We are at the greatest inflection point in storage since the inception of the beast pictured below, the worlds first commercial hard drive in the form of the IBM RAMAC. I am of course speaking of flash storage, this challenges a lot of conventional DBA wisdom.
High performance flash storage turns a lot of conventional DBA storage wisdom and lore on its head:
#1 Compress your data to boost performance
The raw IOPS horse power of flash storage, raided gen 1 ioDrives in this example, is enough to make scans CPU bound to the extent that the overhead of decompression has the net effect of sending performance backwards:
The graph provides the perfect illustration of the problem that row and page level compression is desgined to solve: the performance disparity between spinning disks and modern CPUs.
I repeated this test with my much faster ioDrive 2 duo, rated at 3GB/s for sequential reads. An INSERT SELECT based on this statement is used for populating a heap hash partitioned across 24 partitions:
;WITH generator AS ( SELECT TOP 50000 id = ROW_NUMBER() OVER (ORDER BY a) FROM (SELECT a = 1 FROM master.dbo.syscolumns) c1 CROSS JOIN master.dbo.syscolumns c2 ) SELECT g1.id % 24 AS Col1 ,g1.id + 1 AS Col2 ,g1.id + 2 AS Col3 ,g1.id + 3 AS Col4 ,g1.id + 4 AS Col5 ,CASE g1.id % 2 WHEN 1 THEN AddressLine1 ELSE AddressLine2 END AS Col6 ,CASE g1.id % 7 WHEN 1 THEN AddressLine1 ELSE AddressLine2 END AS Col7 ,FirstName AS Col8 ,MiddleName AS Col9 ,LastName AS Col10 ,CustomerAlternateKey AS Col11 INTO BigData FROM generator g1 CROSS JOIN DimCustomer
I then scanned this using two different statements:
SELECT COUNT([Col1]) ,COUNT([Col2]) ,COUNT([Col3]) ,COUNT([Col4]) ,COUNT([Col5]) ,COUNT([Col6]) ,COUNT([Col7]) ,COUNT([Col8]) ,COUNT([Col9]) ,COUNT([Col10]) ,COUNT([Col11]) FROM [dbo].[BigData] WITH (NOLOCK) SELECT SUM([Col2]) ,SUM([Col3]) ,SUM([Col4]) ,SUM([Col5]) FROM [dbo].[BigData] WITH (NOLOCK)
If we start off with a basic heap and then go all the a column store with archive compression, this is what we see for elapsed times:
The SELECT COUNT query runs in under a second for the column store, I suspect this is because the database engine is picking count information directly out of the global dictionary.
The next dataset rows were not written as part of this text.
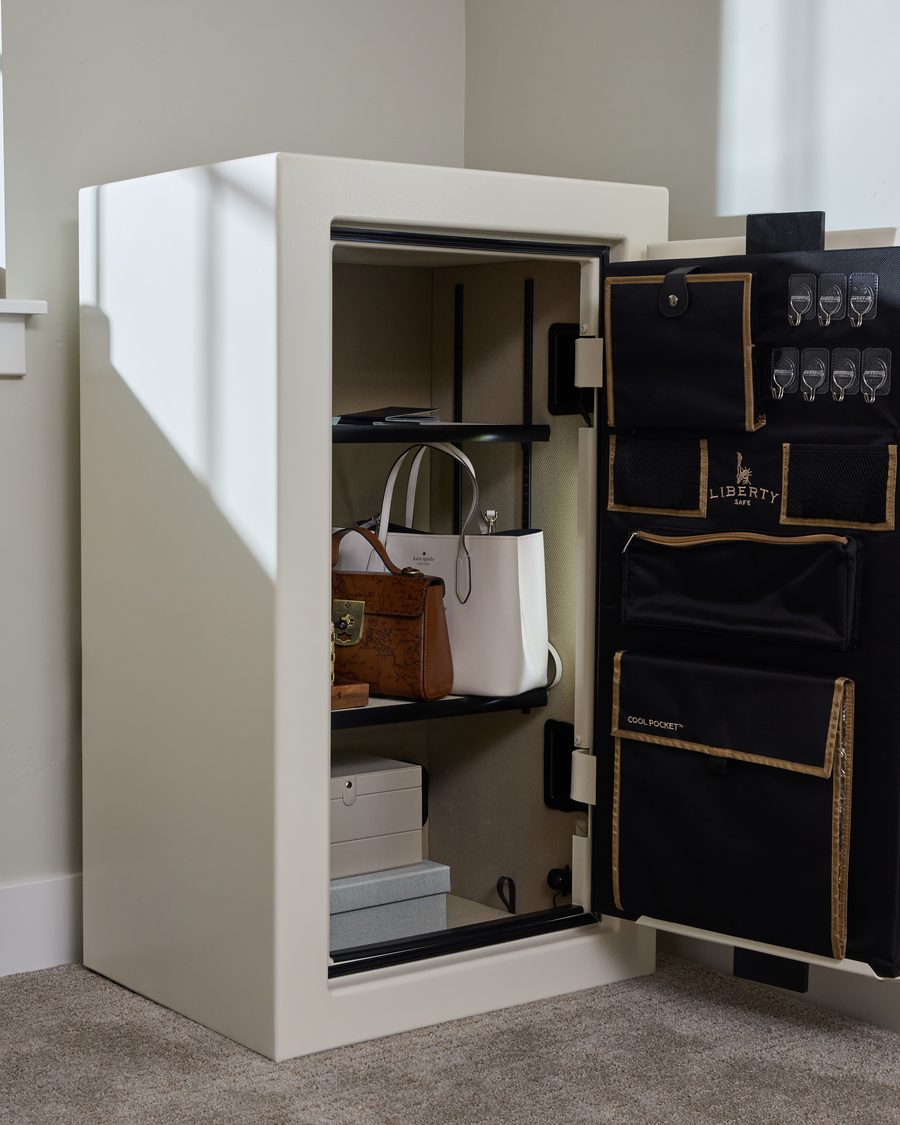 An open home safe in a bedroom holding handbags, a jewelry box, and documents on the door organizer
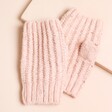 Soft Knitted Hand Warmers in Pink on a Beige Background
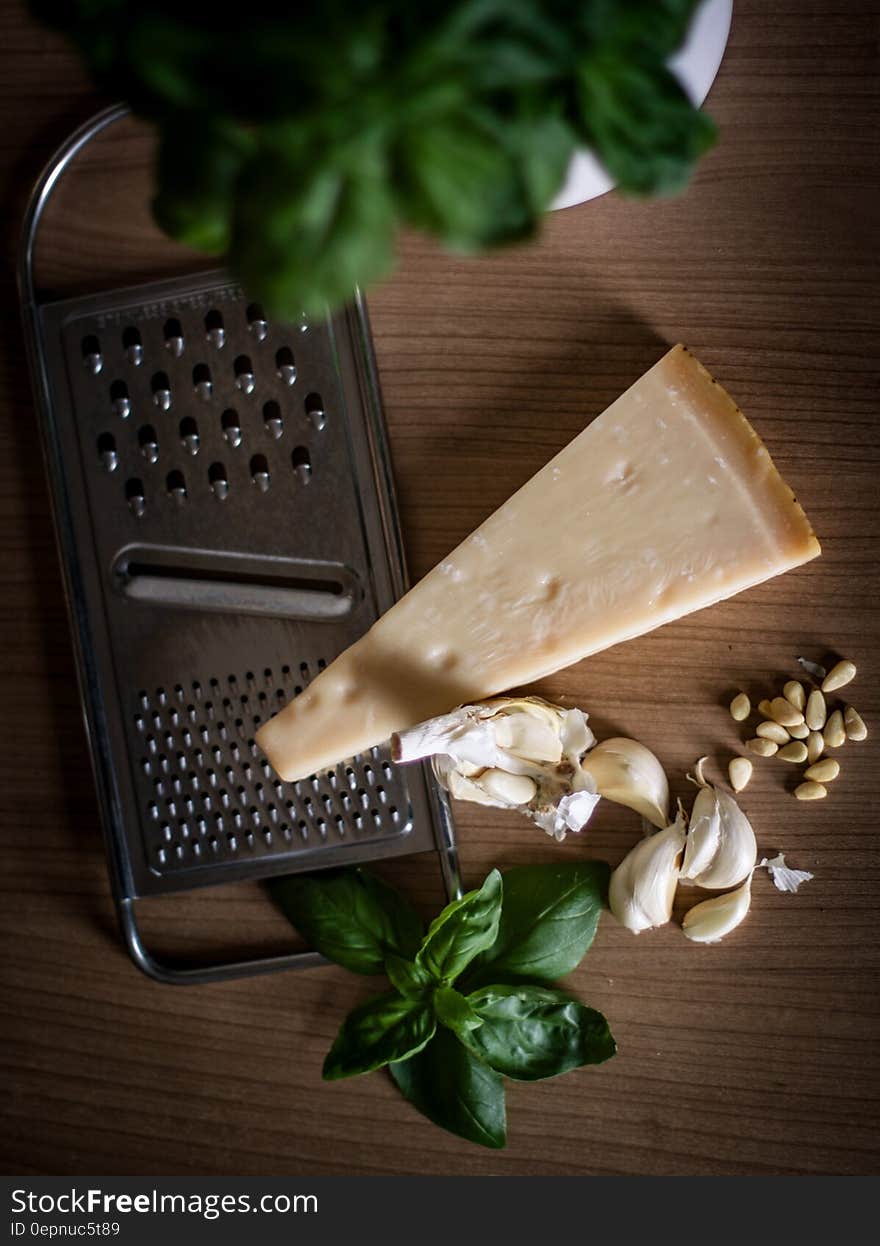 Ingredients for pesto including Parmesan cheese wedge and grater, garlic, pine nuts and fresh basil on wood. Ingredients for pesto including Parmesan cheese wedge and grater, garlic, pine nuts and fresh basil on wood.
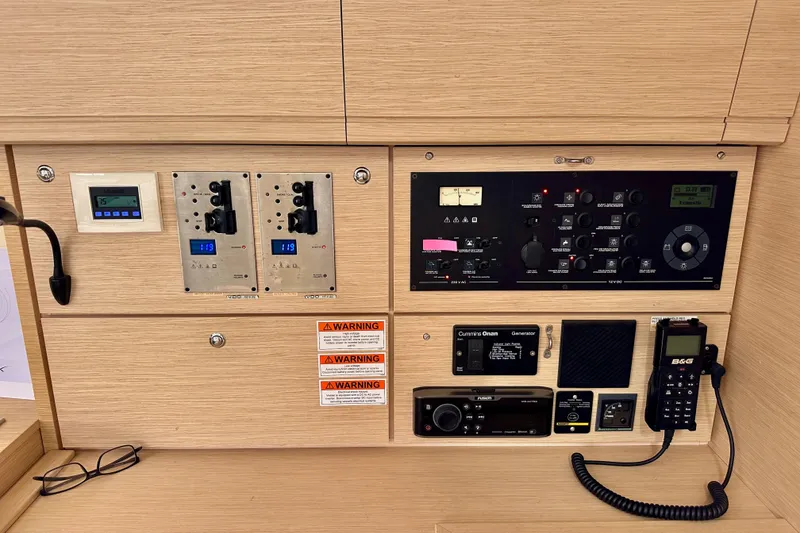 Slide: The Image of Control panel of a 2018 Jeanneau 54 yacht with various instruments and warning labels. - 66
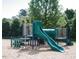 Community playground features a slide and other fun climbing structures at 2205 Karns Pl, Raleigh, NC 27614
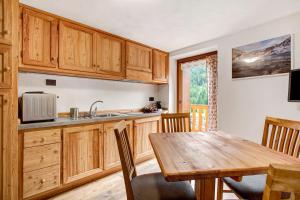 a kitchen with wooden cabinets and a wooden table at Aux Pieds du Malatra' 2 in Saint-Rhémy-en-bosses
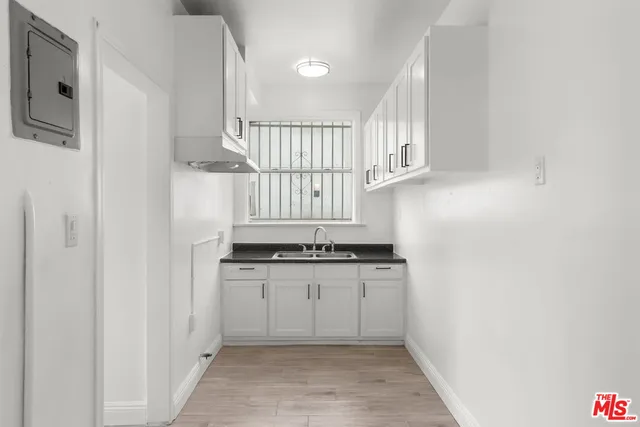 a view of an empty walk in closet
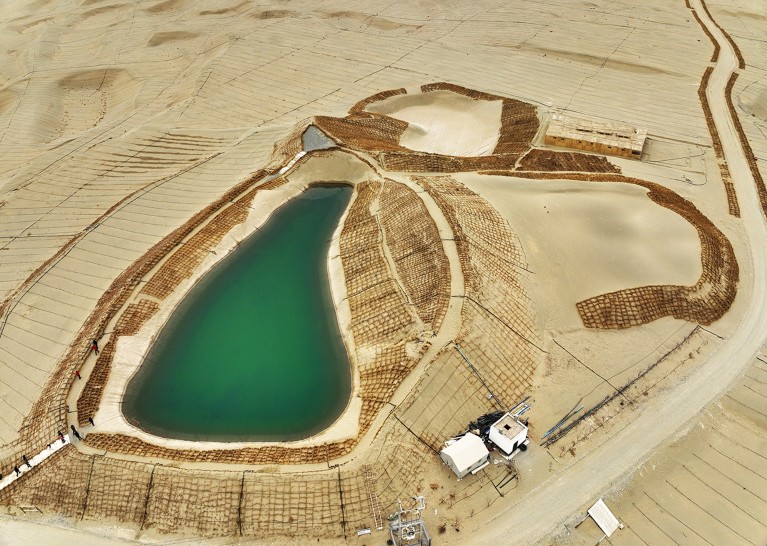 Aerial view of green lake surrounded by an embankment covered in a grid pattern, in a sandy landscape.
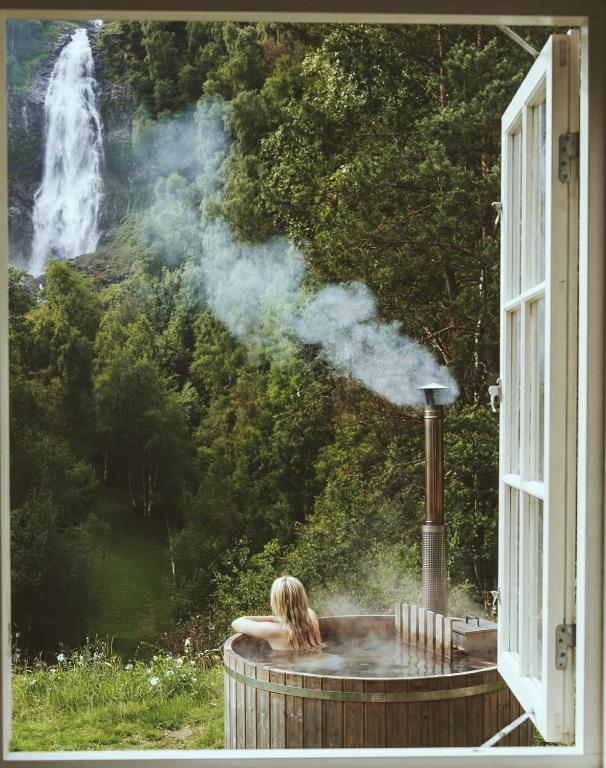a woman sitting in a hot tub in front of a waterfall at Waterfall Retreat in Kolo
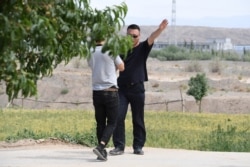 FILE - An AFP video journalist, left, is escorted away while filming at what is believed to be a reeducation camp where mostly Muslim ethnic minorities are detained, in China's northwestern Xinjiang region, June 2, 2019.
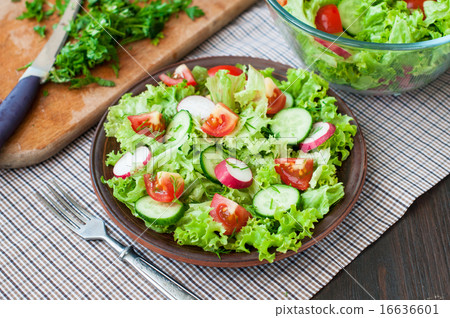 Tomato and cucumber salad with lettuce leafes Tomato and cucumber salad with lettuce leafes 16636601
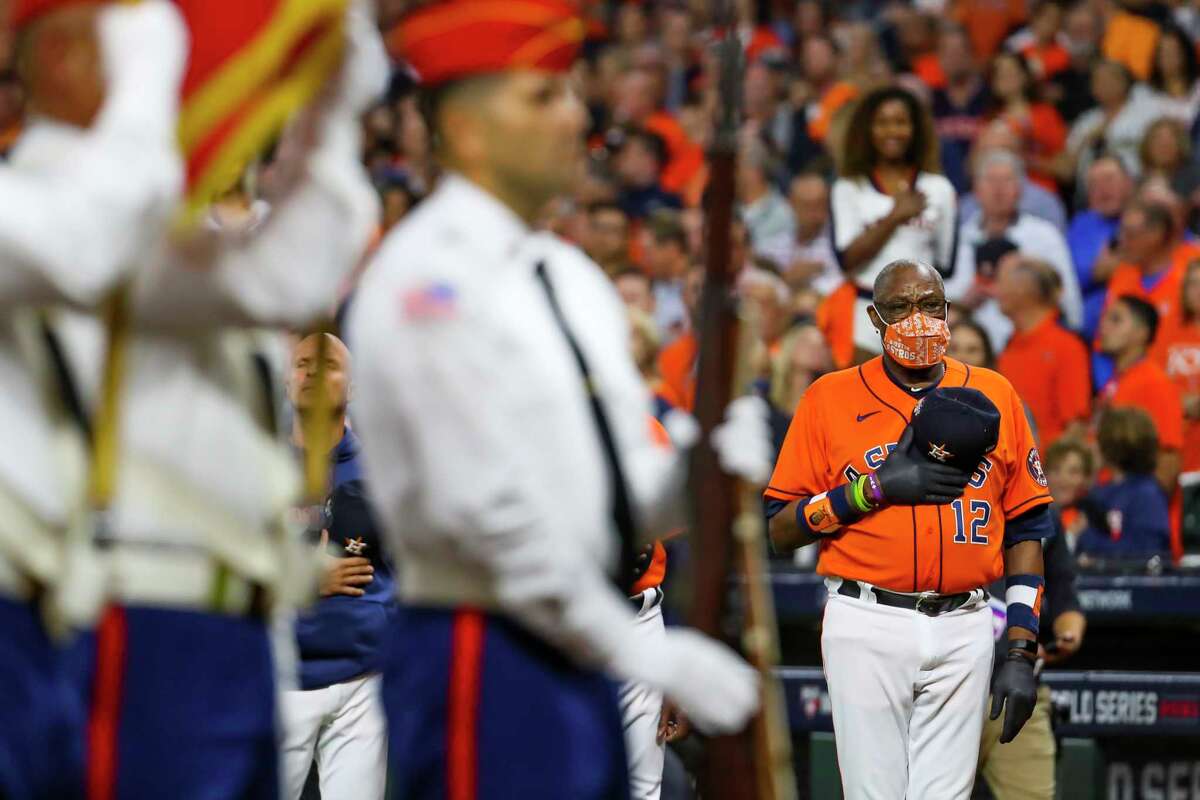Houston Astros manager Dusty Baker Jr. (12) listens to the National Anthem before Game 2 of the World Series on Wednesday, Oct. 27, 2021 at Minute Maid Park in Houston.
Below are the scan rates and CPU consumption per query/compression type:
I have omitted the scan rates and CPU consumption for the SELECT COUNT query against the column store because it runs so fast. The main takeaway from this data is that as we head towards page compression for the heap and the SELECT SUM query, the scan rate goes down and CPU consumption goes up (turbo boost allows for CPU consumption above 100%), the net effect being an increase in elapsed time. Column stores do not suffer from the CPU being swamped by the SELECT SUM query, I suspect this is due largely to the fact that the huge CPU penatly of having to work out where columns begin and end in the page is not incurred for column stores:
#2 512K Reads and Aggressive Read Ahead Behavior Is Required For Maximum Scan Throughput
Wrong again, the fact that IO request can be parallelized when talking to flash via the PCIe bus means that the maximum IO throughput of a flash devices can be achieved with 64K reads. My ioDrive 2 duo rated at 3GB/s for sequential reads can deliver 3GB/s scan rates with 64K reads:
#3 Put TEMPDB, Transactions Logs etc On Different Spindles
This table is borrowed from my blog post on singleton inserts, after experimenting with different key types and various ‘Tweaks’ as documented below, I managed to insert 727,272 rows per second, and how was the storage configured for this ?, everything was stripped across a Fusion IO drive and two conventional SanDisk solid state drivers . . . no separation of tempdb, transaction logs etc whatsoever.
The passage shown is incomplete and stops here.